A CIA officer who interrogated Iraqi dictator Saddam Hussain, after he was captured by US-led coalition forces in December 2003, has revealed that the former Iraq President had warned that the occupation of Iraq wouldn't be as much of a "cakewalk" as US leadership assumed at the time.
John Nixon, the former CIA officer, has made these revelations in a new book coming out this month.
"When I interrogated Saddam, he told me: 'You are going to fail. You are going to find that it is not so easy to govern Iraq.' When I told him I was curious why he felt that way, he replied: 'You are going to fail in Iraq because you do not know the language, the history, and you do not understand the Arab mind, " John Nixon wrote according to the excerpts of the book published by Time magazine.
John Nixon opined that Saddam Hussein had a point and that a ruthless strongman like him was necessary to "maintain Iraq's multi-ethnic state" and keep both Sunni extremism and the power of Shiite-led Iran, a Hussein foe, at bay.
"Saddam's leadership style and penchant for brutality were among the many faults of his regime, but he could be ruthlessly decisive when he felt his power base was threatened, and it is far from certain that his regime would have been overthrown by a movement of popular discontent," he wrote.
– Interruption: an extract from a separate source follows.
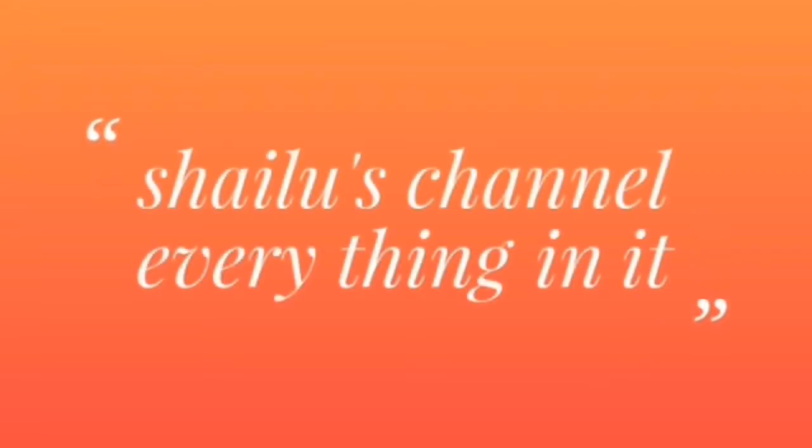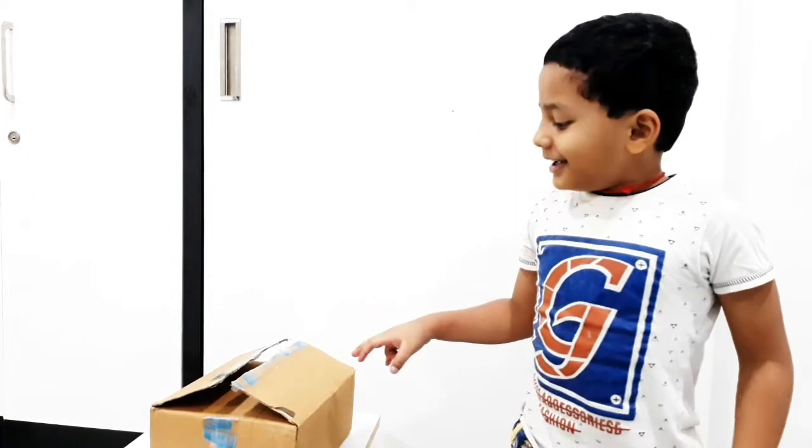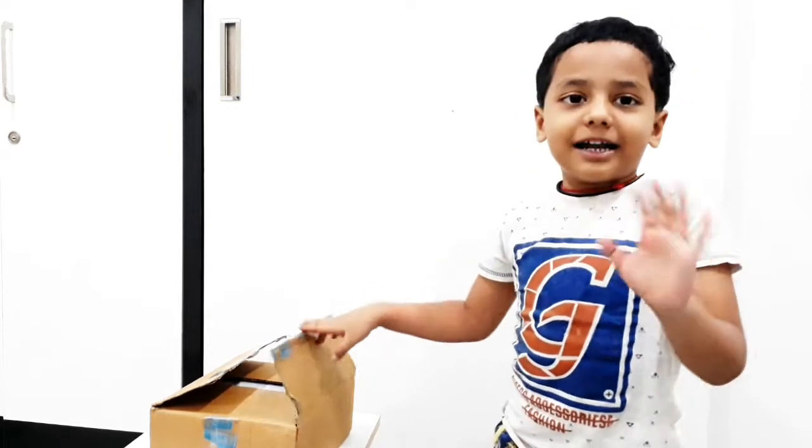Hi friends, welcome to Sailor Channel. Welcome to Hand Mixer.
"Likewise, it is improbable that a group like ISIS would have been able to enjoy the kind of success under his repressive regime that they have had under the Shia-led Baghdad government," he added.
John Nixon further said that despite note liking Saddam Hussain, he developed respect for him for his ability to rule a complex nation like Iraq.
"Although I found Saddam to be thoroughly unlikeable, I came away with a grudging respect for how he was able to maintain the Iraqi nation as a whole for as long as he did," wrote Nixon.
"He told me once, 'Before me, there was only bickering and arguing. I ended all that and made people agree!" he added.